Monday, Feb. 16, 1970

THE tape recorder was running, ' and TIME'S team of cover reporters --Mary Cronin, Jonathan Larsen, Jay Cocks--had just about completed their interviews with the three Fondas. Then Peter Fonda started in on something that had been bugging him.

"Well, I think it's bloody b-- s--for somebody from a magazine to come in and sit down--a young cat --and say, 'I identify with you, kid. Come on, let's get it on.' And I say, O.K. . . . And when it comes out in TIME, it's a whole different gig. It's the way your editors wanted me to be shown. That's it. Not the way I was."

Mary Cronin: "Then why are you doing it? You don't have to talk."

Peter: "I talk. I've got diarrhea of the brain when there's somebody there with a pencil or tape recorder. How many chances do I have to get to the butts out there in Omaha and Kansas City? And Topeka? How many times have I got a chance to hit them and say, 'Hey, we're not free.' Not many. But TIME Magazine. They're not gonna get into that. They want to hear how I've got something rotten to say about Jane or Dad. Or how I've smoked grass. Or how I've taken LSD. Or how I've been busted. Or whatever I got to do, you know. Basically, what I'm saying is, why do the editors send all of you people to come with us and be with us and investigate us and interpret us, when they already know what they want to say about us?"

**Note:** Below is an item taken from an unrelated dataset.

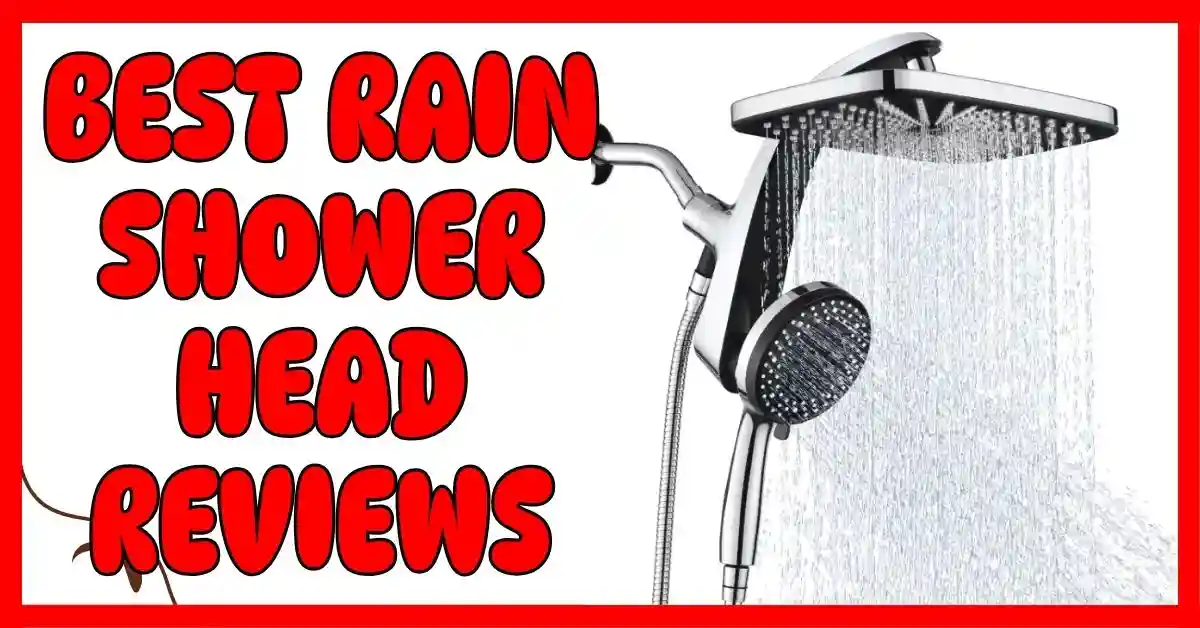 Best Rain Shower Head Reviews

Well, basically, the reason all those cats went out to get it on with the Fondas was that Show Business Editor Peter Bird Martin and the other editors certainly did not know in advance what they wanted to say or, in fact, how it really was with the family. That was also true of Researcher Georgia Harbison, although researchers are notoriously omniscient.

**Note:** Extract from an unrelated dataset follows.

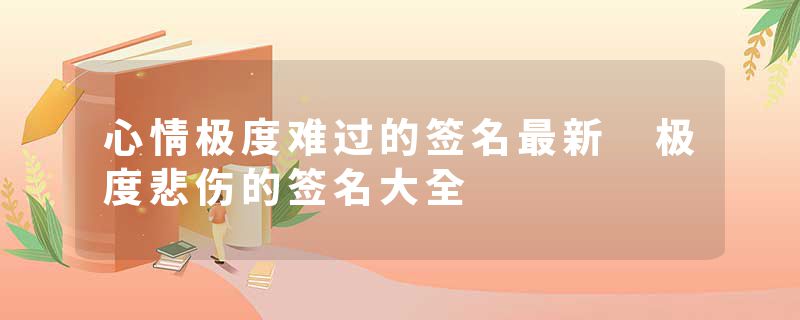 心情极度难过的签名最新 极度悲伤的签名大全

The cover story was written by Stefan Kanfer, TIME'S movie critic. It may not reflect absolutely everything Peter Fonda says or thinks--there's so much of it--but we do believe that it shows him the way he was or is, and that it gets into a great many matters besides grass. In short, we consider it a reasonably complete and not altogether unsympathetic portrait of possibly the first, and certainly the most fascinating family in show business.